Comments to the histogram. The graph shows data from the extreme value distribution and it shows simularities to the logarithm om Weibull-data above. The red line is the probability distribution of the extreme value distribution.



Creating Weibull-data using the standard extreme value distribution

Below a set of Weibull-data is created by the following expression:and shown as a histogram together with its probability distribution (pdf).


\[ \begin{align} \Large Y = \text{} \ln(b) \text{ } + \text{ } W/a \end{align} \]
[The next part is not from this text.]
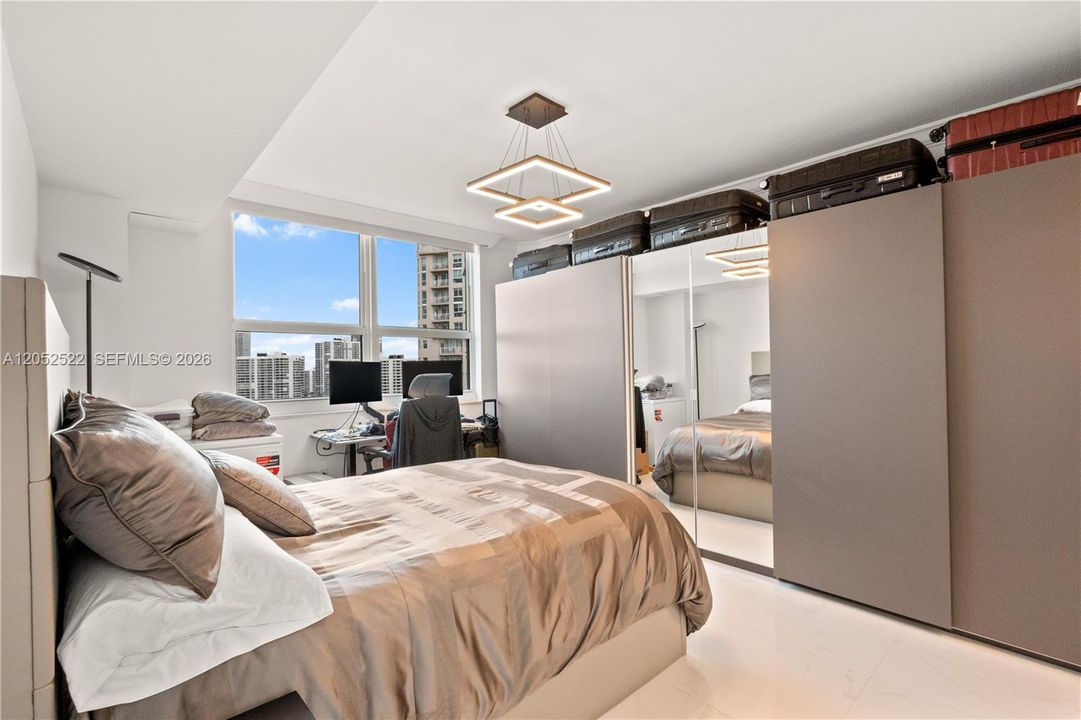 For Rent: $3,325 (2 beds, 2 baths, 1175 Square Feet)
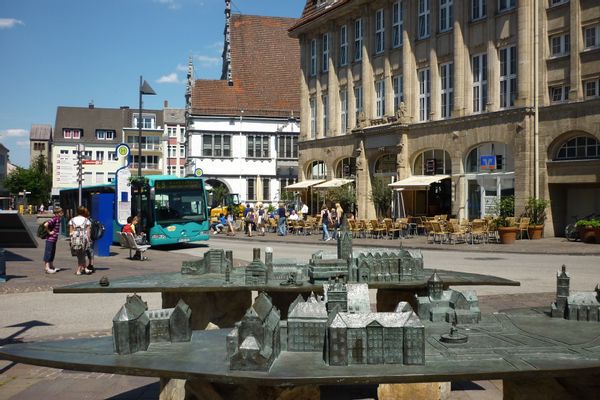 Paderborn: Stadtmodell am Kamp, im Hintergrund das historische Rathaus. | Paderborn in Germany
The Y-variable is then transformed using T = (Y) becoming a Weibull-variable (‘Time’) and shown as a histogram together with its probability distribution (pdf).


WeibEst <- exp(log(scale) + 1/shape*simtal)     # Simulating Weibull-data using 'extreme-data' stored in 'simtal'.

Weib <- data.frame(WeibEst)                     # Puts the simulated 'WeibEst'-data in a so-called data frame.

histWeibExtr <- ggplot(Weib, aes(WeibEst)) + geom_histogram(bins=25, color='black', alpha = 0.5, 
                                                         aes(y = after_stat(density)), position = 'identity')
histWeibExtr <- histWeibExtr + stat_function(fun=dweibull, args=list(shape, scale), color='red', linewidth=1.0 ) + xlab("Time")
histWeibExtr <- histWeibExtr + annotate("text", x = 7, y = Inf, label="Weibull-estimate, by 'Extreme value'", vjust = 1.5, size = 4.5, colour = "blue")
histWeibExtr

The diagram below shows a good fit of the data to the Weibull-diagram. In addition, the estimated parameters are shown including the average and standard deviation of the data. These valuesa coincide well to the theoretical values.


wp.plot(WeibEst, main="Weibull, created by using 'Extreme'", col.line = "red", xlab = "Time", lty.line=1, pch=19)

fitdistr(WeibEst, "weibull")
##      shape        scale   
##   2.06754046   5.05498431 
##  (0.05030253) (0.08149280)
print(paste0("Estimated mean = ",round(mean(WeibEst),2), ", Estimated standard deviation = ",round(sd(WeibEst),2)))
## [1] "Estimated mean = 4.48, Estimated standard deviation = 2.27"


Final comments.This document shows how a Weibull variable can be expressed as the sum of a constant and a standard extreme value distribution. This is the basic idea for performing regression analysis and is explored further in other entries on the home page.